As a premise, we assume that there are N data points and K clusters. On initialization phase, we randomly assign the cluster on the data points. To say precisely, we randomly assign cluster k ( $k \in 1,..,K$ ) on data n ( $n \in 1,..,N$ ).

Optimization of representative points

On the K-means algorithm, every cluster has its own representative point. The representative points are calculated as the mean of the data points which belong to the equivalent cluster.

Optimization of data points belonging

Every data point belongs to one cluster. The cluster which one specific data point belongs to depends on the distance between the representative points and the data point. The data point belongs to the nearest representative point.

Code

At first, I'll load necessary packages and make data. The data consist of three groups which have different means and their dimensions are two.

using DataFrames
using Distributions
using PyPlot

function makeData()
    groupOne = rand(MvNormal([10.0, 10.0], 10.0 * eye(2)), 100)
    groupTwo = rand(MvNormal([0.0, 0.0], 10 * eye(2)), 100)
    groupThree = rand(MvNormal([15.0, 0.0], 10.0 * eye(2)), 100)
    return hcat(groupOne, groupTwo, groupThree)'
end

By visualizing, we can see there are three different groups.

data = makeData()
scatter(data[1:100, 1], data[1:100, 2], color="blue")
scatter(data[101:200, 1], data[101:200, 2], color="red")
scatter(data[201:300, 1], data[201:300, 2], color="green")
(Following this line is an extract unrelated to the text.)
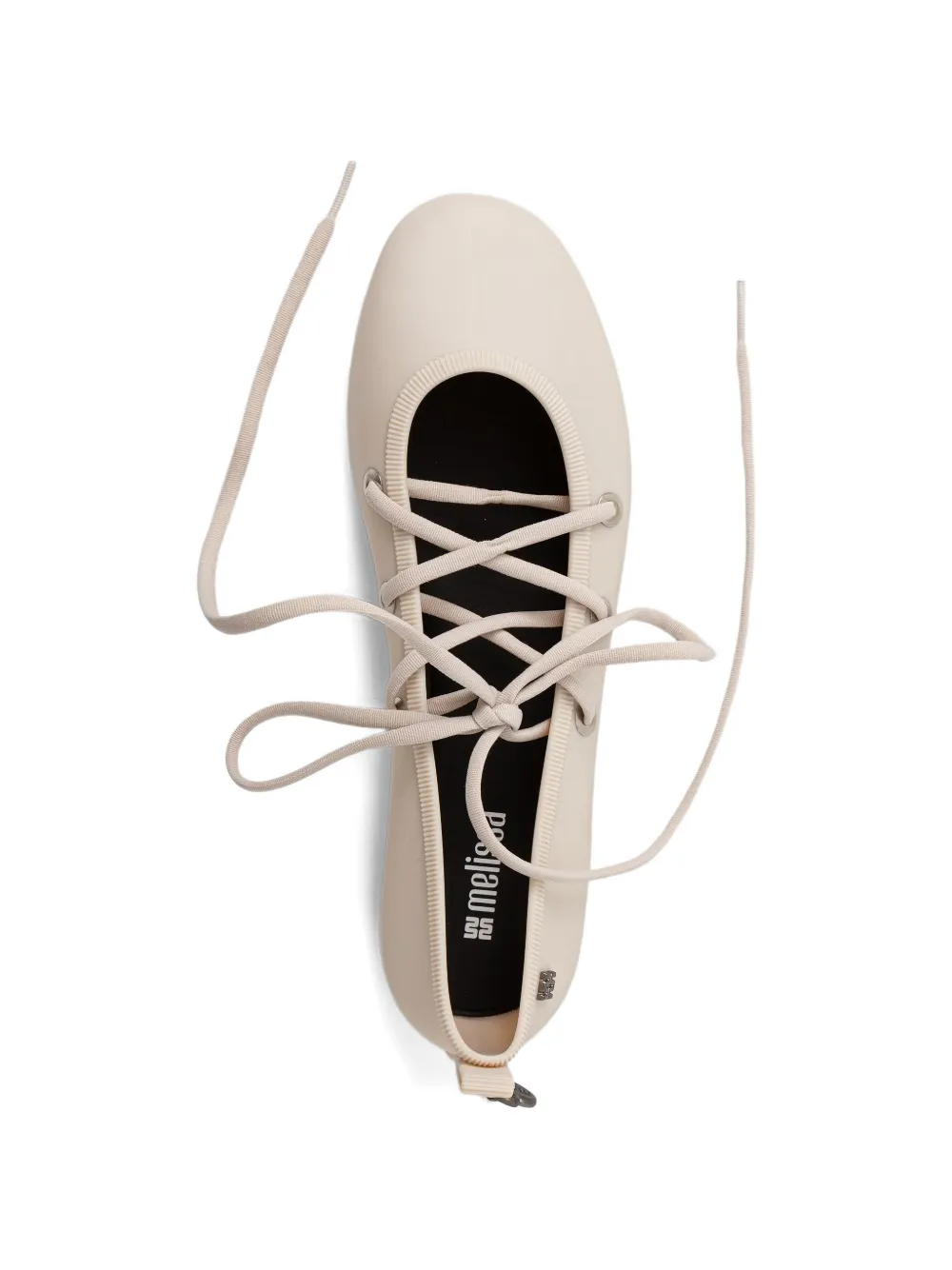 Melissa lace-up ankle-strap ballet flats Beige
The main purpose of this article is to make K-means algorithm.
From here, I'll start to tackle with algorithm part. Here, I'll make the kMeans type for the data and nearest k points information.

using StatsBase

type kMeans
    x::DataFrames.DataFrame
    k::Int
end

K-means needs distance calculation. I adopted euclidean distance. Just as an example, I will also write minkowski distance. But this time, only euclidean will be used.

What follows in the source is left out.